In Poulk Estate 2018 BCSC 1321 the court declined to “cure” and last unsigned will and testament under the provisions of section 58 WESA.
The case does not stand for the proposition that under WESA and unsigned will cannot be cured under section 58. It really comes down to the specific fact pattern of each case.
It was not disputed that the will did not meet the requirements of a validly executed will as set out in section 37 WESA that provides as follows:
1) to be valid, a will must be
a) in writing,
b) signed at its end by the will maker, or the signature then must be acknowledged by the will maker as his or hers, in the presence of two or more witnesses present at the same time, and
c) signed by two or more of the witnesses in the presence of the will maker.

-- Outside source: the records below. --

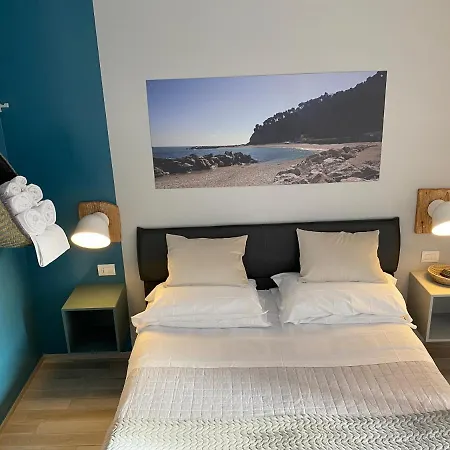 125metri Sul Mare Bed & Breakfast *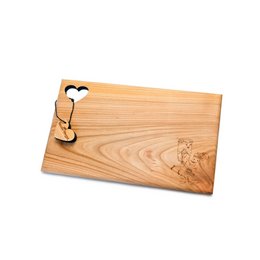 Ausgelasertes Schneidebrett &quot;Herzform&quot; aus Kirschholz für Lebensmittelindustrie Ferrero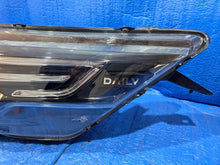 Laden Sie das Bild in den Galerie-Viewer, Frontscheinwerfer Iveco Daily IV 05802711800 LED Links Scheinwerfer Headlight SCH9025766413ex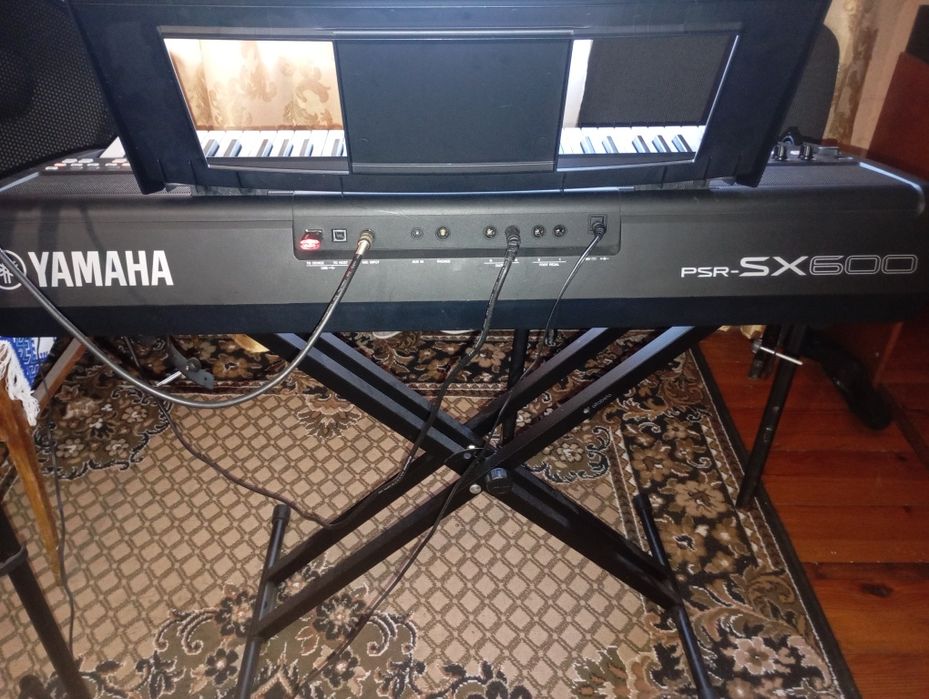 Синтезатор YAMAHA PSR-SX 600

Subsection 2, provides that a will that does not comply with section 37(1) is invalid unless the court orders it to be effective as a will under section 58.
Before granting an order that a document is fully effective as a will pursuant to section 58 (3) WESA, the court must be satisfied that the document represents the testamentary intention of the deceased.

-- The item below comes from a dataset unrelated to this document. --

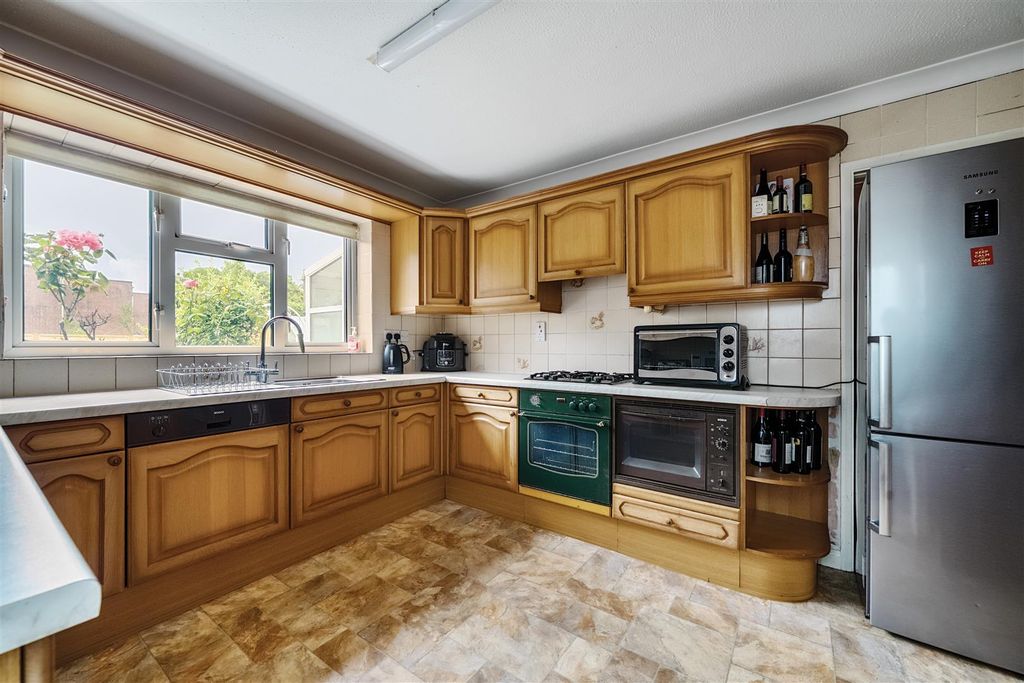 Property photo 2 of 16 Kitchen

The leading case in British Columbia is the Estate of Young 2015 BCSC 182 at paragraph 17:
“ Section 58 of the WESA is a curative provision. It confers a discretion on the court to relieve against the consequences of noncompliance with testamentary formalities and a record, document or writing or marking on a will or document “. In prescribed circumstances, section 58 permits the court to address and cure issues of formal invalidity in such documents. It cannot, however, be used to uphold a will that is invalid for substantive reasons, such as testamentary incapacity or undue influence “
In Re Lane Estate 2015BCSC 2162 the court summarize the applicable principles of the Manitoba decision largely followed by the British Columbia courts, namely George v Daily (1997) MJ No. 51 (C.A.)

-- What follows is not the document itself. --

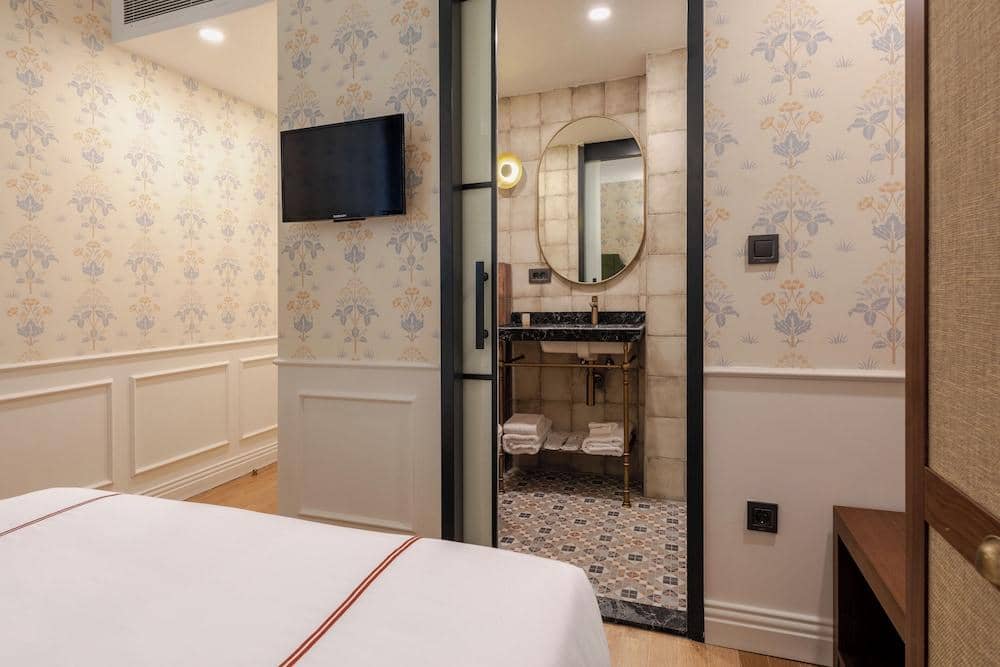 Khai Hotel Karakoy (Adults only) — 2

a) The standard of proof on an application under the curative provision is proof on the balance of probabilities;
b) the greater the departure from the requirements of formal validity, the harder it may be for the court to be satisfied that the document represents the deceased testamentary intention;
c) the requirements for formal validity of a will serve several purposes, or functions, including:
1) an evidentiary function by providing the court with reliable and permanent evidence of testamentary intention in the terms of the will, and
2) a cautionary function by impressing upon the testator. The Solomon T, finality, and importance of his or her actions in making his or her last will and testament
d) the evidentiary and cautionary functions are particularly relevant to the determination of whether or not a writing or document embodies the testamentary intentions of the deceased.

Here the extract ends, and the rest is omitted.